Marcel Koller questions Roy Keane’s ‘go to war’ motivation

Austria coach backs his understrength side to put it up to Ireland in Sunday’s World Cup qualifier

Austria manager Marcel Koller has questioned Roy Keane's challenge to the Ireland players to "go to war" in Sunday's World Cup qualifier at the Aviva stadium.

Koller admitted he was unconcerned by Keane’s rhetoric and is confident his injury and suspension-hit squad can match an Ireland side that won the return fixture 1-0 in Vienna last November.

Koller said: "I think what Roy Keane said was meant as motivation for the home team and of course, they will try to play hard and physically at home.

“I don’t think you should use the word war about football, but of course I understand that Roy Keane wants to motivate his team and it’s important for Austria to know how to fight that.”


Austria arrived in Dublin without the suspended Marko Arnautovic and strikers Marc Janko and Marcel Sabitzer, while full back Andreas Ulmer was absent because he is getting married this week.

After a poor Euro 2016 finals tournament and a less than impressive start to the new World Cup qualifying campaign, they find themselves under considerable pressure, with defeat at the Aviva likely to signal the end of their hopes of making it to Russia.

However, Austria defender Sebastian Prodl was swift to dismiss talk of unrest within the camp.

He said: “There’s always something to discuss if you are not winning games, if you are not competing as you like. But this is not a problem at all.

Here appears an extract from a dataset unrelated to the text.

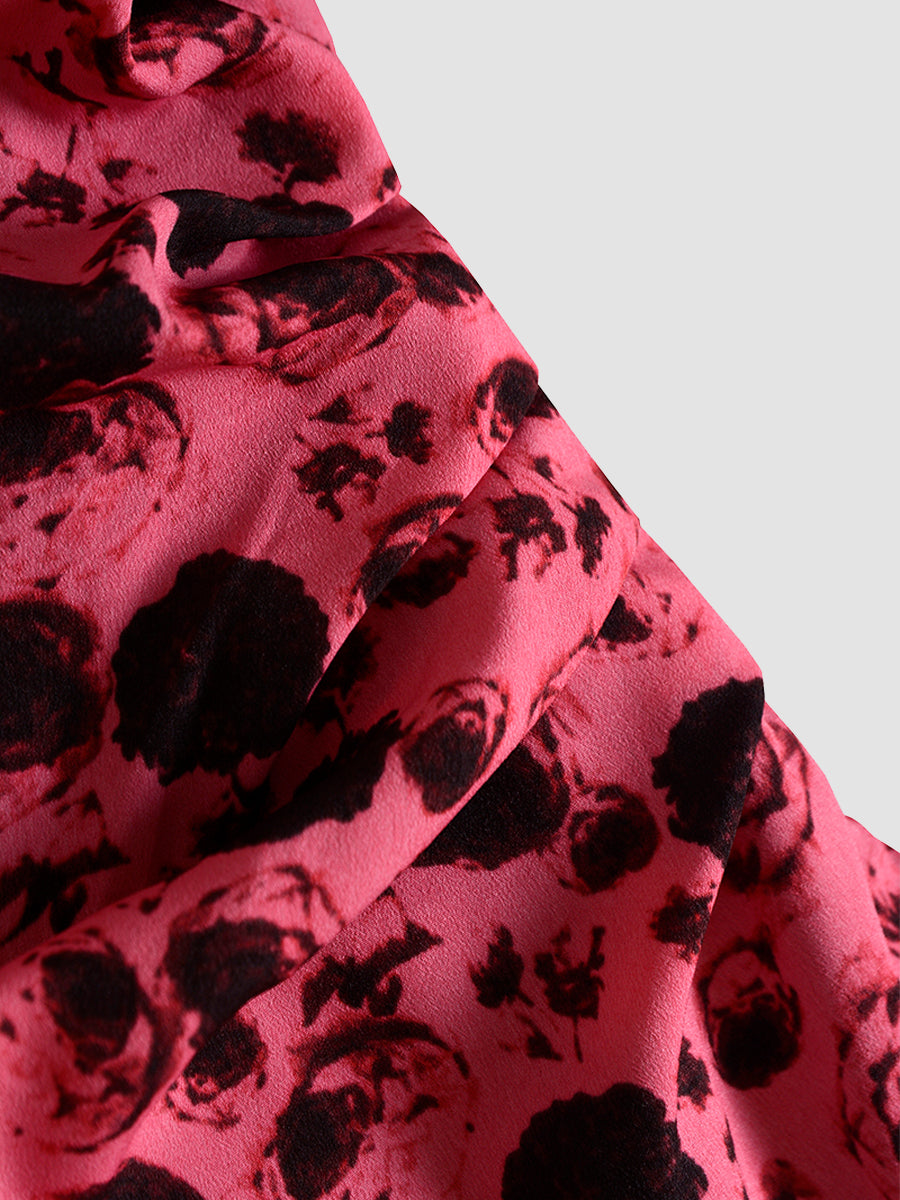 Floral Elegant Bubble Sleeve Rose Red Dress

“We just have to make sure we get back on track and things will get better again and discussions will stop. There’s no discussion in the team, there’s no discussion about the team, so every surrounding noise that’s made at the moment doesn’t affect us at all.

“We feel pressure, of course, but we only feel pressure because we have all got this strong belief and this strong target to go to Russia next year. That’s the only pressure we feel at the moment.”

Swiss Koller was hailed as a national hero after guiding Austria to last summer’s Euro finals in France having dropped just two points along the way, and he was philosophical when asked about speculation that his job is on the line.

He said: “If you look back, there have already been many situations in my career where I have felt some pressure. And, of course, Austria are some points behind Ireland and Serbia, so we want to get back to business and get as many points as possible.

“But I have also been in the business long enough to think positive. The team is well prepared for tomorrow, but I am also aware that the team has to deliver and prove it’s qualities tomorrow.”